Putting the Boot In,
Dan Kavanagh. Orion £14.99 Hardback.
Oh, what a joy. Thanks to those lovely people from Orion publishers I can wallow unashamedly in unqualified nostalgia. I don’t get much chance these days so you will just have to bear with me.
It must have been at the dying moments of the Shots in the Dark Convention in Nottingham (a much missed event) around 1992 that Ralph Lees presented me with a copy of Duffy with the promise that it would delight a QPR supporter. What he really meant, I suppose, was that it left him cold as a forlorn Barnsley supporter. Naturally, I duly read my first offering from Dan Kavanagh and, as Ralph had surmised, I enjoyed it enormously. What was there not to like? Almost as humorous as Mike Ripley’s Angel series, but with a private eye who was into QPR, drugs, and sexual liaisons with either sex, though not necessarily in that order.
At the time I didn’t have a clue as to the identity of Dan Kavanagh. The blurb on the cover gave little away, a tendency maintained to this day with the Orion editions. But within a few months I had obtained and enjoyed the other Duffy titles which concluded with Going to the Dogs, published in 1987. When a few of us frustrated crime fiction aficionados got round to publishing A Shot in the Dark (the forerunner of SHOTS) in the early 1990s, I was obviously smarting from Mr Kavanagh’s reluctance to extend the life of his engaging sleuth and decided to out him using evidence provided in John Conquest’s exhaustive listing of privates eyes in Trouble is Their Business. Dan Kavanagh was no less than Julian Barnes. Less unkindly, I did offer the promise that further adventures of Duffy would be warmly welcomed by that fledgling fanzine, unless of course Duffy had since become a Chelsea supporter. Yes, those were the days when crime fiction magazine could even entertain a degree of satire.

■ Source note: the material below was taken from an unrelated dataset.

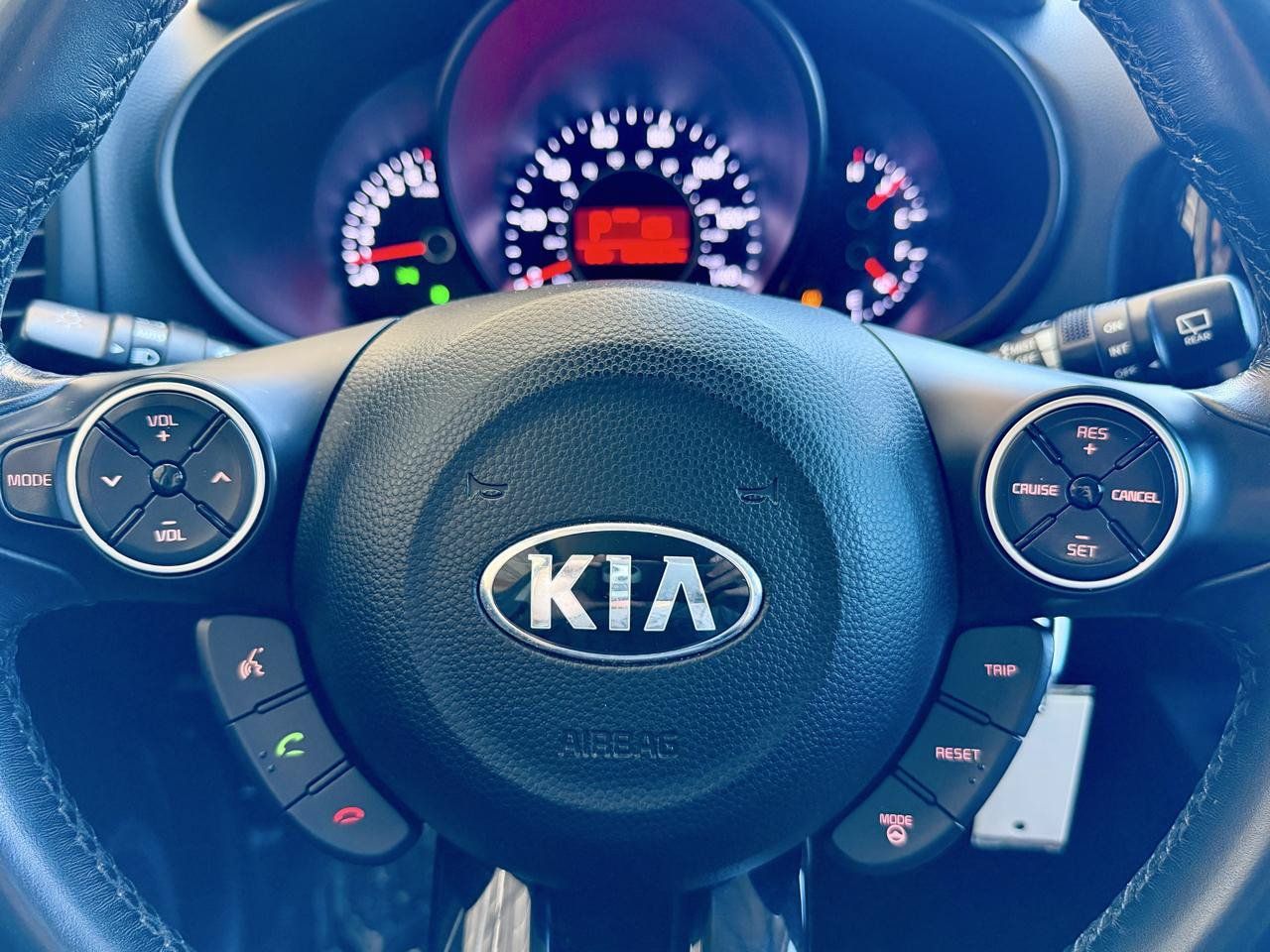 Used 2016 Kia Soul ! FWD image 18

Putting the Boot In, was published originally in 1985. Patently, crime fiction and much else has changed in the intervening years. Though in footballing terms it’s a bit of plus ca change. Les Ferdinand had just made his debut at QPR and now he’s back at Loftus Road in a managerial role. It doesn’t happen now, but those were the days when the QPR fans welcomed Spurs fans with the ditty which prefaces the book (I guess Mike Stotter is too young to remember it, so just to annoy him and other Spurs supporters I will repeat it):
If I had the wings of a sparrow,
If I had the arse of a crow,
I’d fly over Tottenham tomorrow,
And shit on the bastards below.
Nearly thirty years on, have the Duffy books still got a valid shelf life, aside from offering a degree of nostalgia? On one level I think they have, if only because the nation’s favourite pastime has figured too marginally in crime fiction. The footballers’ agent Mel Stein had a reasonably successful series in the mid 90’s. Aside from that football has been largely ignored, though Philip Kerr seems set to correct that with his latest breaks from Bernie Gunther. But if there was ever a case for putting football back into the crime fiction focus it rests very firmly on the Duffy series.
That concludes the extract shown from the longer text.